Protein Representation Learning with Sequence Information Embedding: Does it Always Lead to a Better Performance?
Yang Tan, Lirong Zheng, Bozitao Zhong, Liang Hong, Bingxin Zhou
TL;DR
The paper questions the blanket benefit of incorporating amino acid sequence information into protein representations for structure-related tasks. It introduces ProtLOCA, a roto-equivariant GVP-based framework that encodes local geometric structure without relying on amino acid types, and validates it on global and local structure alignment tasks. On independent CATH-based benchmarks, ProtLOCA achieves state-of-the-art global structure matching and demonstrates the ability to identify common local structural motifs across proteins with different overall folds, including cases where sequence-based methods falter. The work suggests a shift toward structure-centric representations for function inference and highlights the importance of focusing on local geometries when structure alignment is the primary objective.
Abstract
Deep learning has become a crucial tool in studying proteins. While the significance of modeling protein structure has been discussed extensively in the literature, amino acid types are typically included in the input as a default operation for many inference tasks. This study demonstrates with structure alignment task that embedding amino acid types in some cases may not help a deep learning model learn better representation.
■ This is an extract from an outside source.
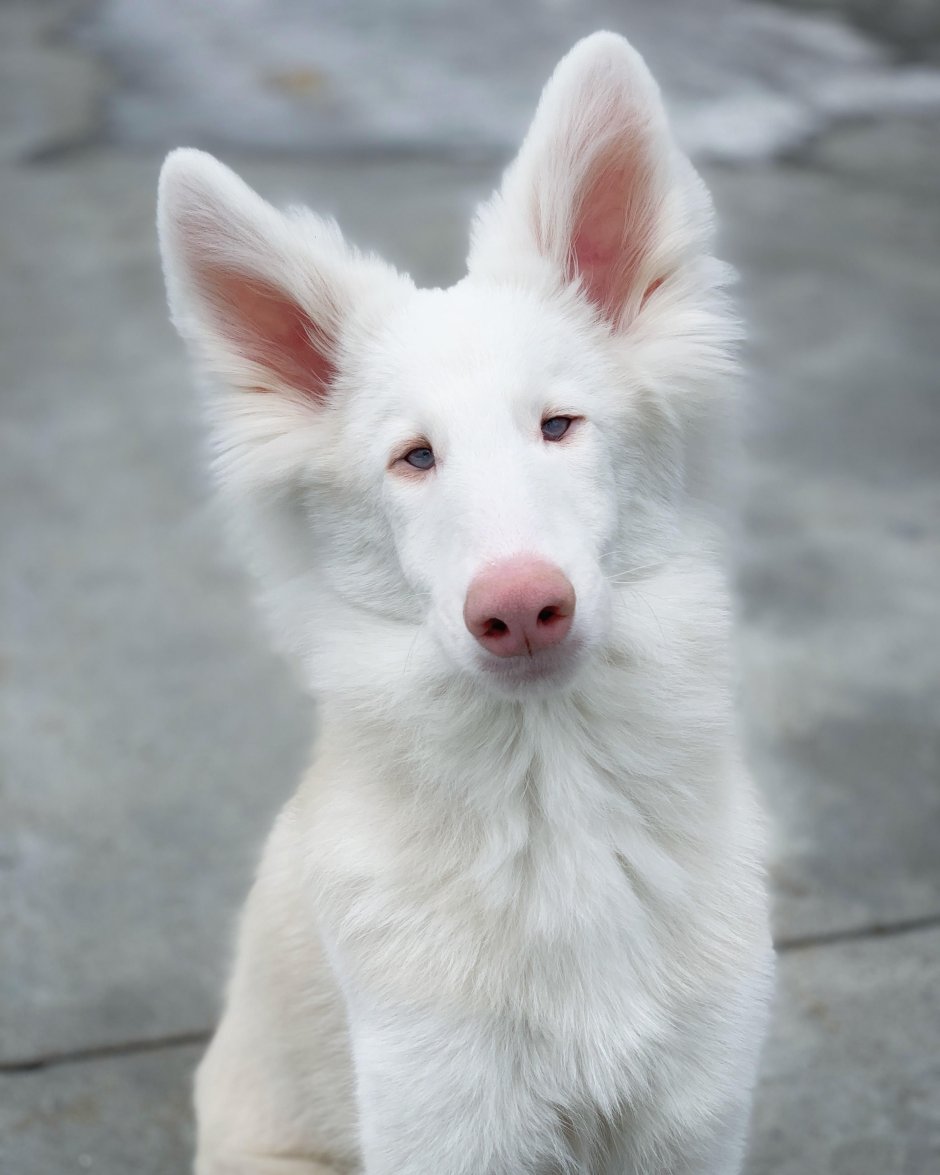Корги альбинос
To this end, we propose ProtLOCA, a local geometry alignment method based solely on amino acid structure representation. The effectiveness of ProtLOCA is examined by a global structure-matching task on protein pairs with an independent test dataset based on CATH labels. Our method outperforms existing sequence- and structure-based representation learning methods by more quickly and accurately matching structurally consistent protein domains. Furthermore, in local structure pairing tasks, ProtLOCA for the first time provides a valid solution to highlight common local structures among proteins with different overall structures but the same function. This suggests a new possibility for using deep learning methods to analyze protein structure to infer function.